• **EXERCISE GOAL**:
For the entries below, copy exactly the line that contains "Merchandise Planning" through the line that contains "Risks 10 00228 g002 Risks 10 00228 g002", both ends included, and exclude all pictures.

• **EXTRACTED INFORMATION**:

────

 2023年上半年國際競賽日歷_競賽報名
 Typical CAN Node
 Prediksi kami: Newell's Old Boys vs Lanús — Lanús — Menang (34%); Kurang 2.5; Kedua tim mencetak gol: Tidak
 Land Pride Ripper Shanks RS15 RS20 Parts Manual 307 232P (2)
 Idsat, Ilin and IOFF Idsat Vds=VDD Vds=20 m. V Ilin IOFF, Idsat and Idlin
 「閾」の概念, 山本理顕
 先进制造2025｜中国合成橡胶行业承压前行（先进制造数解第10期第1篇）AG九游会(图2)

────

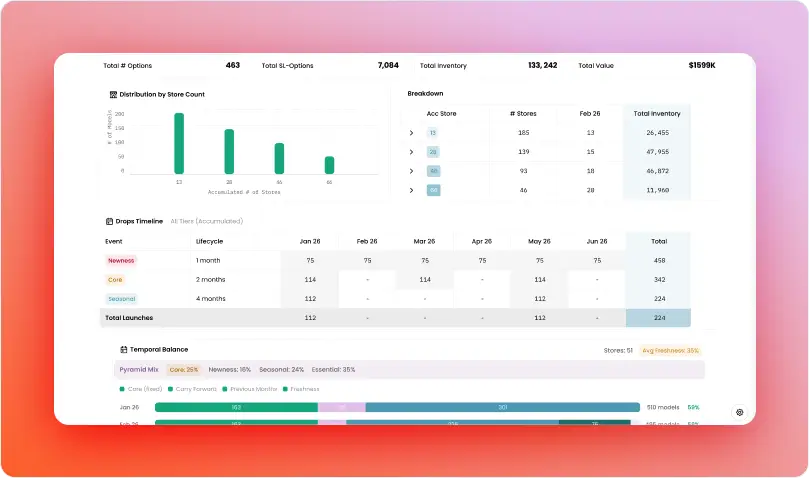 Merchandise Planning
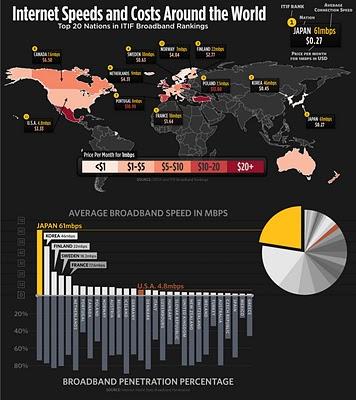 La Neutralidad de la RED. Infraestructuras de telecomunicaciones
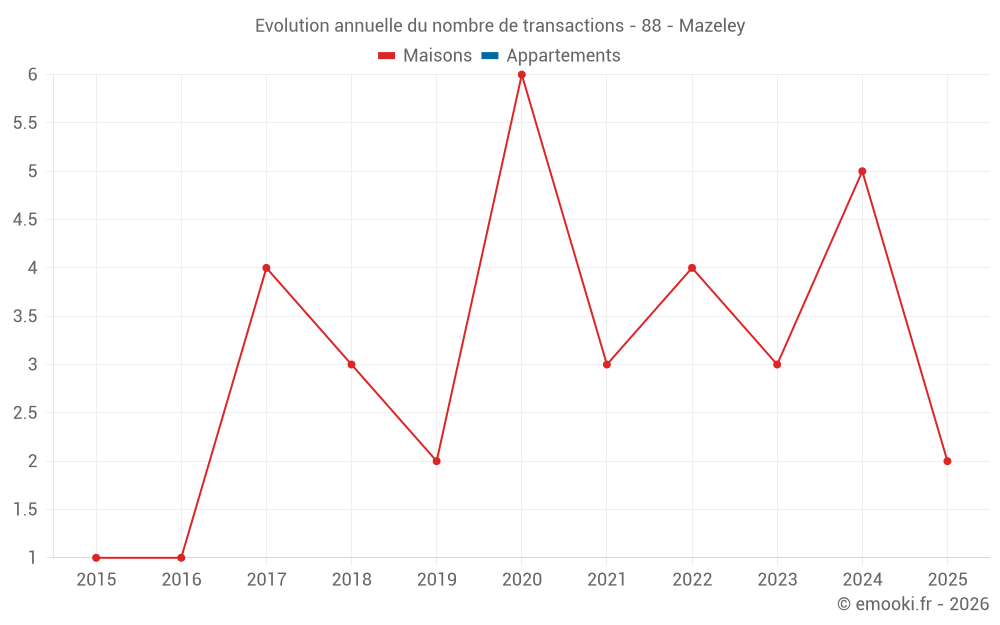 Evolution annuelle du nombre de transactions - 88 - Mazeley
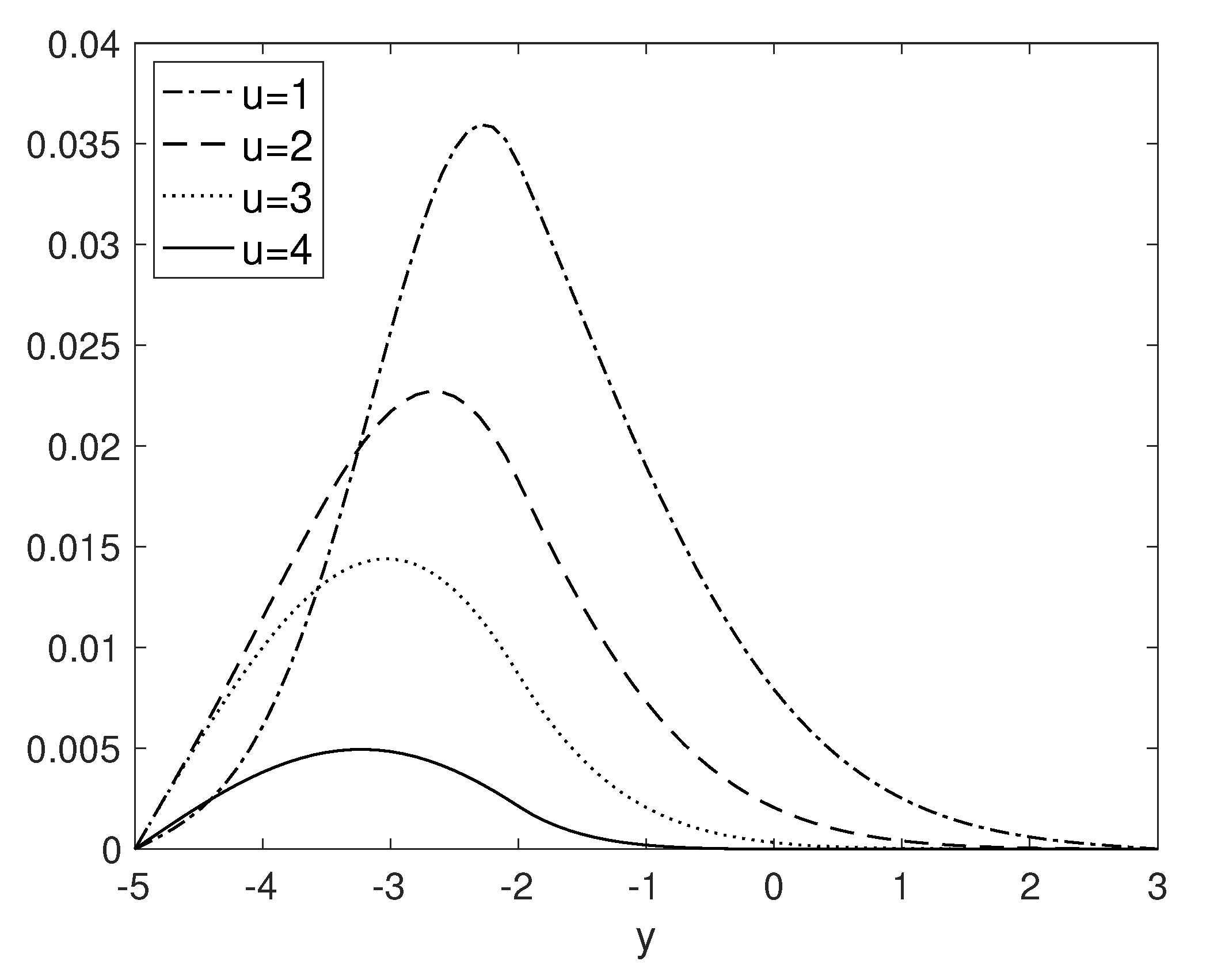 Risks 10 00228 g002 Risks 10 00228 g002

────

• **EXERCISE SOLUTION**:
 Merchandise Planning
 La Neutralidad de la RED. Infraestructuras de telecomunicaciones
 Evolution annuelle du nombre de transactions - 88 - Mazeley
 Risks 10 00228 g002 Risks 10 00228 g002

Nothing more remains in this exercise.